A twinkle in Griffin’s eye was apparent even in the dimness. “Did you not know,” he drawled, “that dress material is best selected by candlelight, lest something pale yellow in the daytime appear black by night?”
“Black?” Tris crossed his arms. “What sort of addlepated—”
“We can open the curtains now,” Juliana interrupted. “We’ve all chosen our fabrics.”
“Look at mine.” While Griffin went to pull back the draperies, Corinna held up a swatch of the palest pink. “It’s called blush.”
“It’s lovely,” Tris said. Although Alexandra was busy ignoring him, she couldn’t help but observe his amusement at the goings-on.
“And Alexandra,” Juliana announced with a long pause for dramatic effect, “will be wearing amaranthus.”
“Amaranthus?” Tris sounded even more entertained.
“A bright shade of purple with a pinkish tint.” As a painter, Corinna was good at describing colors. “Show him, Alexandra.”
Alexandra didn’t want to show Tris anything. She wanted to smack her sister, but she supposed A Lady of Distinction wouldn’t approve. Instead she reluctantly held forth a piece of the silk, which shimmered in the newly admitted sunlight.
“Hmm,” Tris said.
Corinna grinned at her sister while addressing the room in general. “Can you believe it?”
“Believe what?” Griffin asked.
“That she would wear such a color. She always wears blue.”
“Does she?”
“Her room is blue, the ribbons on her bonnets are blue, her shoes are blue—”
“Are they?” Griffin asked, looking perplexed. He stared at Alexandra’s blue shoes where they peeked out from beneath her blue skirts. “I hadn’t noticed.”
“He’s such a boy,” Juliana said to no one in particular.
Corinna shrugged. “Madame Rodale showed Alexandra a stunning swatch of bishop’s blue—”
“I’m tired of wearing blue,” Alexandra interrupted. “I wish to wear a different color. Many different colors,” she amended. “A new color every day.”
The old Alexandra would have opted for blue, but then the old Alexandra would have spent weeks or months languishing after Tris as well. And she was quite over him.
She just wis
hed he’d go home.
“You all made lovely choices,” Tris said. “But, Griffin, we really must be off.”
“Tristan has finished the pump,” Griffin explained. “We spent the morning overseeing its installation. A perfect installation, I might add.”

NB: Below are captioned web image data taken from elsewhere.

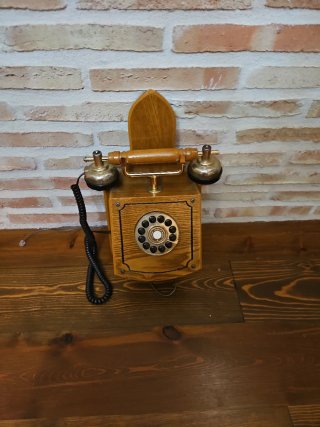Set di applique a parete e telefono vintage
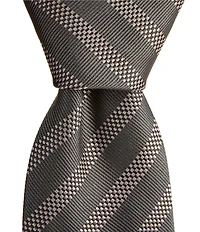 Hugo Boss Diagonal Two Stripe Jacquard 3#double; Woven Silk Tie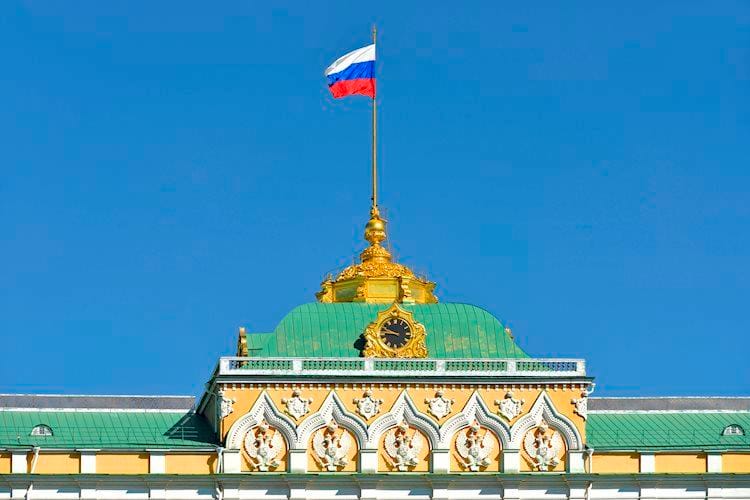 USD/RUB se dispara a máximos semanales cerca de 61.70 después de que renuncia Medvedev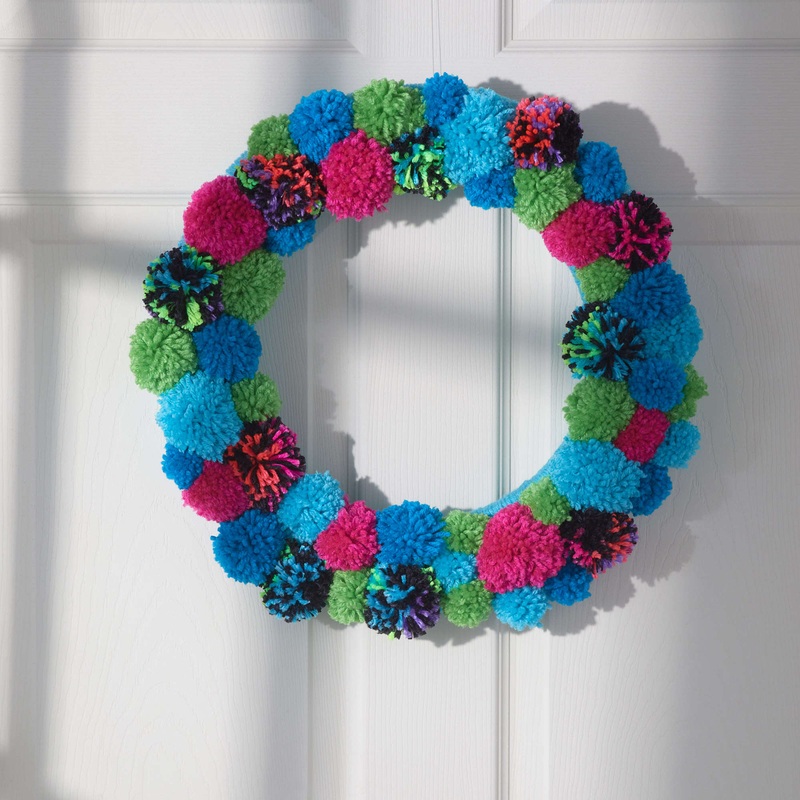Red Heart Craft Welcoming Pom Wreath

“We hope.” Tris didn’t look quite as confident as her brother. “Now that it’s been running a few hours, I’d like to inspect it once again before I leave.”
“You’re leaving?” The words tumbled out of Alexandra’s mouth before she had a chance to think.
“This afternoon, assuming everything continues well.”
“Oh,” she said. He was leaving. Her wish was coming true.
So why did she feel as though all the air had quite suddenly been sucked right out of her?
Juliana slanted her a glance. “The pump must be very impressive,” she said to Tris. “May we all come along and see it?”
His gaze slid to Alexandra and back before he answered. “There’s really not much to see.”
“We could bring a picnic!” Corinna gestured outside the bright windows. “It’s a beautiful day.”
“Yes, please.” Juliana turned to Griffin. “We haven’t picnicked in months. As a matter of fact”—she paused for effect—“we haven’t done anything at all as a family in months.”
Juliana sounded so sincere, Alexandra wondered if perhaps she truly did want to picnic, rather than just wanting to throw her together with Tris for an afternoon.
But on second thought, both her sisters looked entirely too expectant. It was definitely a ploy.
A ploy their brother was falling for.
“Perhaps we could picnic,” he said, looking to Tris.
Tris raked a hand through his hair, messing it up as usual. “I was planning a quick ride out, a quick look, and a quick ride back.” A picnic would mean a carriage, considering they’d have to bring baskets and blankets and other assorted paraphernalia. None of which brought to mind the word quick. “I was hoping to get home before dinner.”
“You could have dinner back here before you leave.” The look Griffin shot his friend was a mixture of pleading and apologetic. “The days are long this time of year, so you’ll still have sunlight should you ride home later.” When Tris shrugged, Griffin turned to Alexandra. “What do you think?”